In 2008, In Henrietta, New York, an Afghan mother persuaded her son to honor murder his sister, Fauzia Mohammad, because she was “too western.” Luckily, the honor killing failed.
In 2009, a high-profile Canadian case in Kingston involved the calculated murder of an Afghan first wife and three Afghan daughters by their Afghan father, brother, and second wife/stepmother.
Please note that I am only listing the honor murder of daughters by their family of origin—something that is typical of Islam, and to a lesser extent of Sikhs and Hindus in the West. Western domestic violence, including domestically violent femicide, does not usually involve daughter-killing and for such reasons.
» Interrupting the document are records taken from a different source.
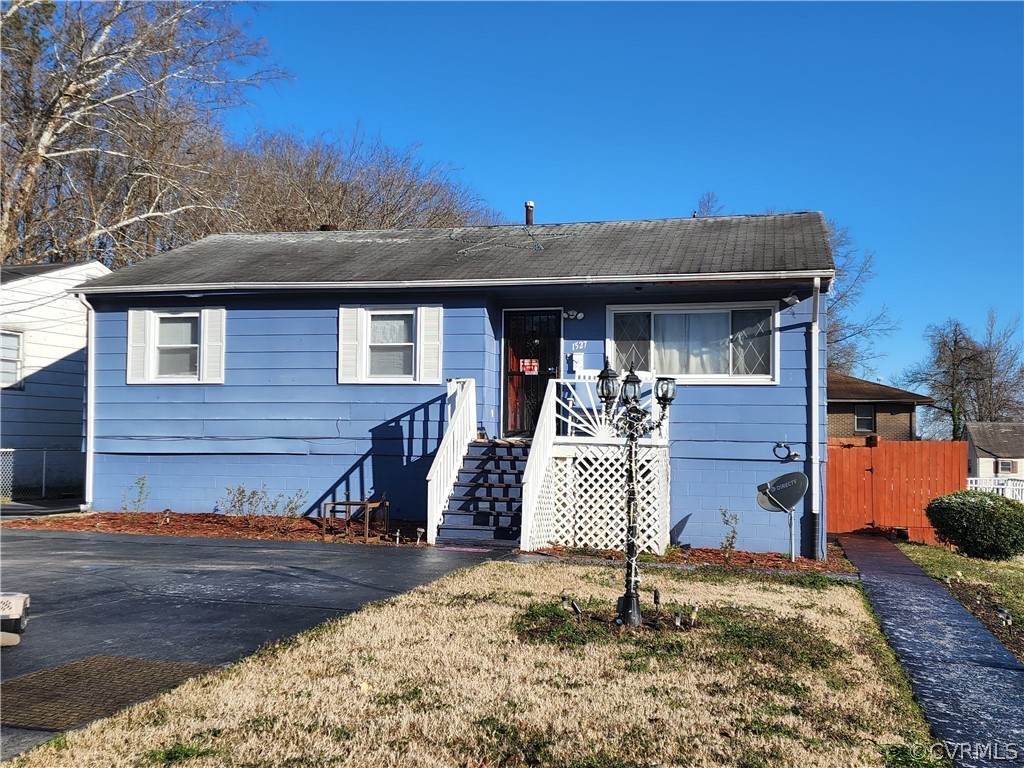 1527 Hanover Street - Photo 1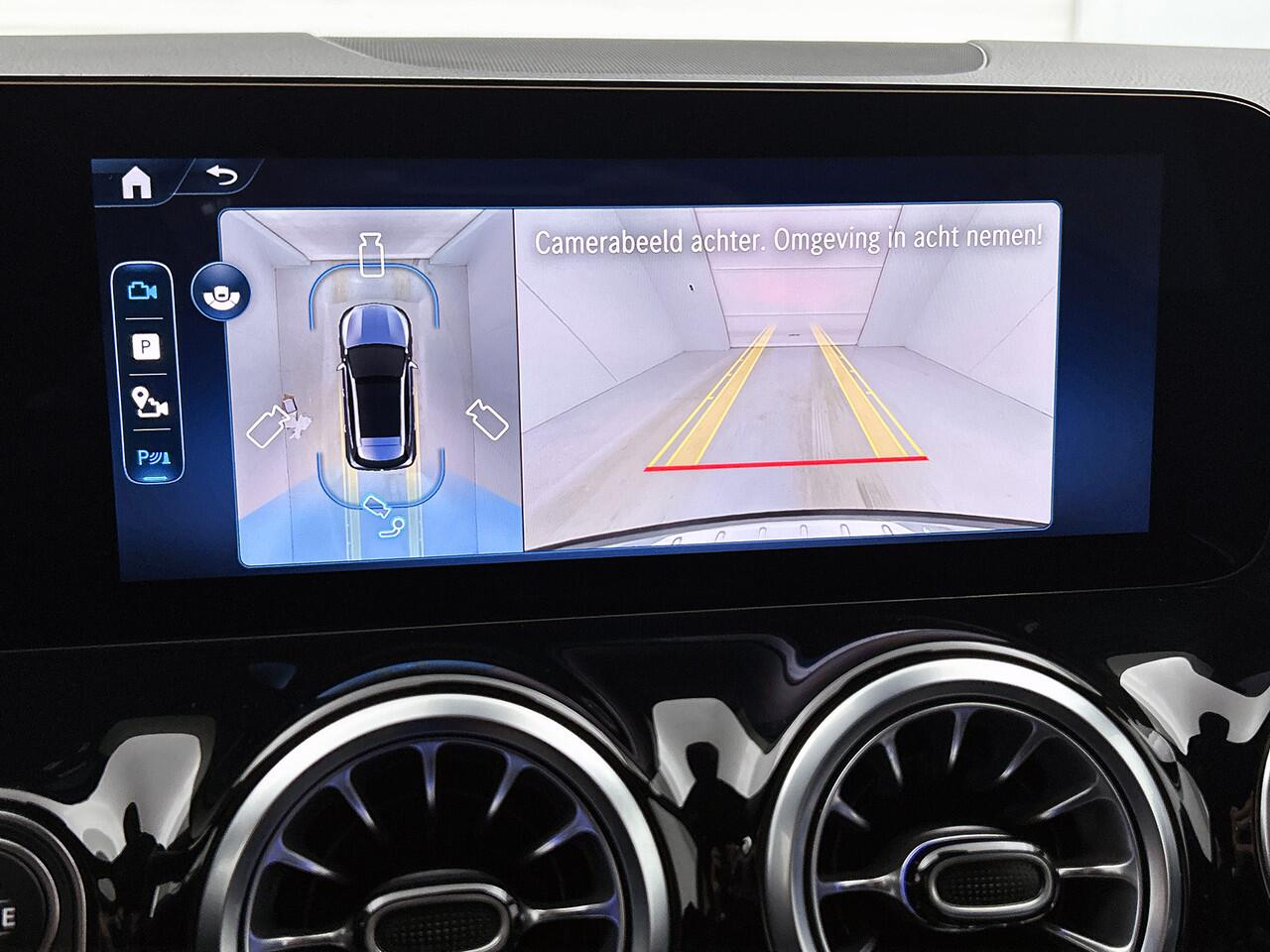 Mercedes-Benz GLA-KLASSE 250 e Plug-In Hybride Trekhaak | Edition Progressive Line | Night Pakket | 11kW Laden | Distronic | Stuur en Stoelverwarming | Inclusief 24 maanden MB Certified garantie voor Europa.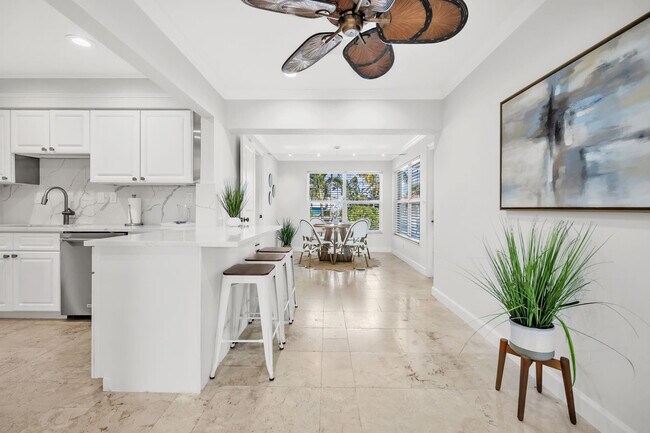 Building Photo - 2277 SE 15th St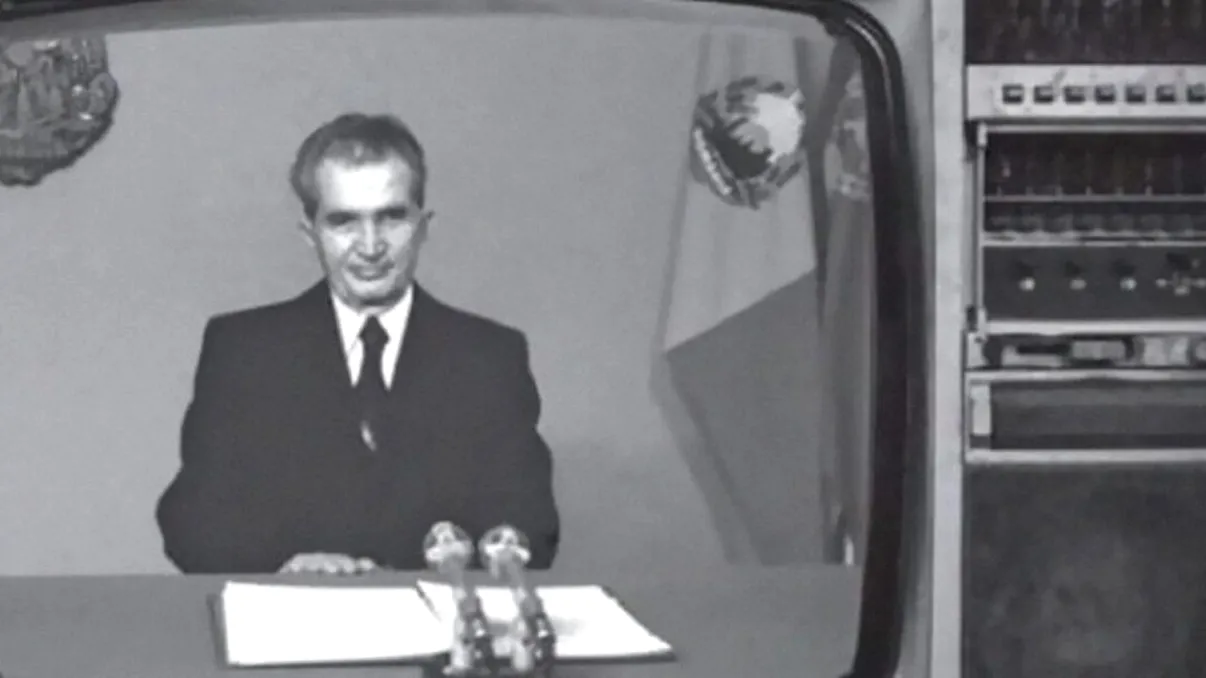 La ce filme se uitau copiii, pe vremea lui Nicolae Ceaușescu. Le vedeai în alb și negru, cu program restricționat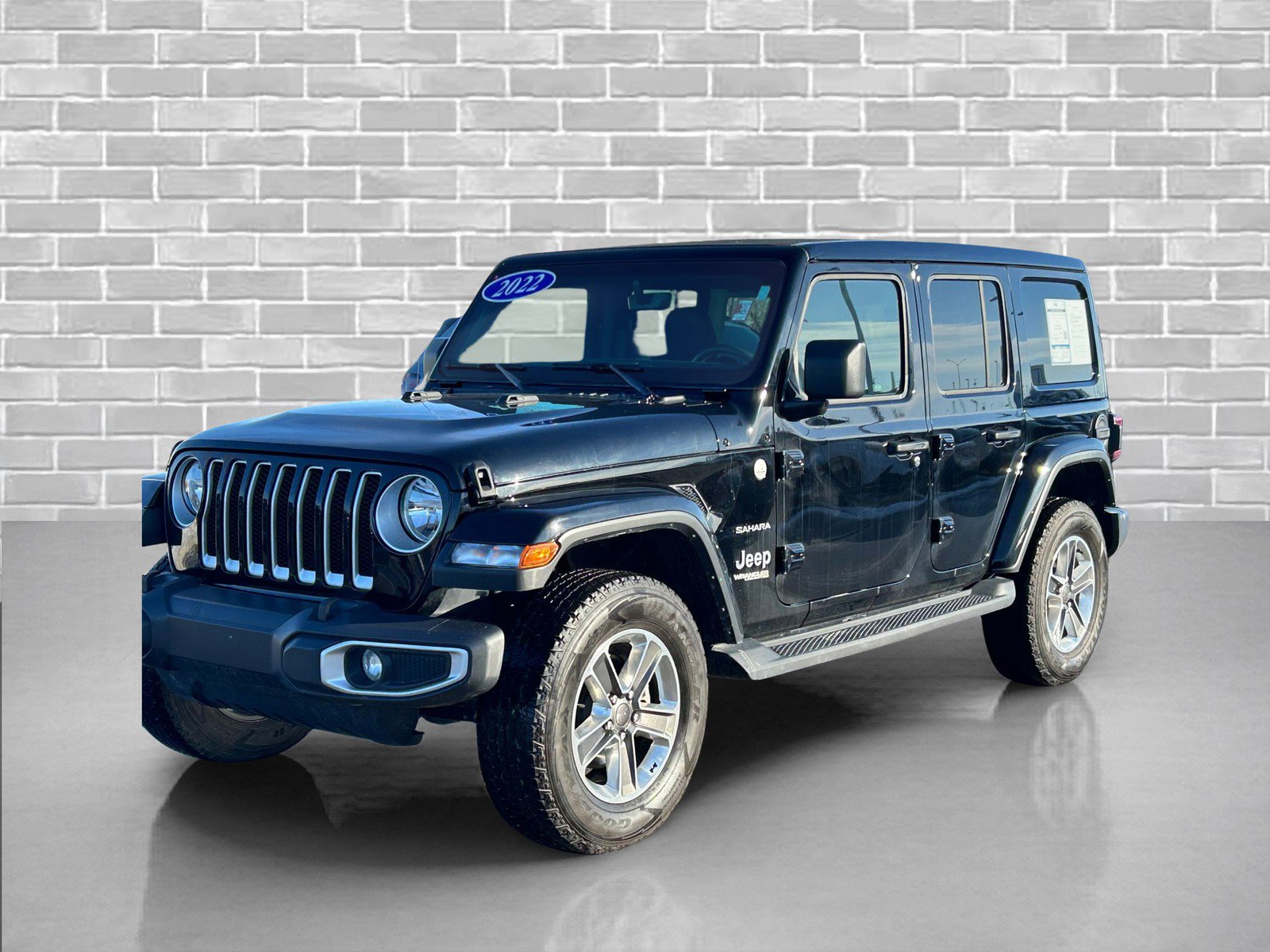 Used 2022 Jeep Wrangler Unlimited Sahara w/ Cold Weather Group image 2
Islamic gender apartheid has quietly, openly, and fully penetrated the West. Female genital mutilation is going on in North America and in Europe, as is polygamy, forced veiling, normalized daughter-and wife-beating, forced arranged marriage, and honor killing.
This deeply concerns me. It has also alarmed many of the maligned anti-jihadic bloggers. What protection are we able to offer the Muslim girls and women who become citizens of our countries? What kind of prosecutions will we be able to mount against their attackers?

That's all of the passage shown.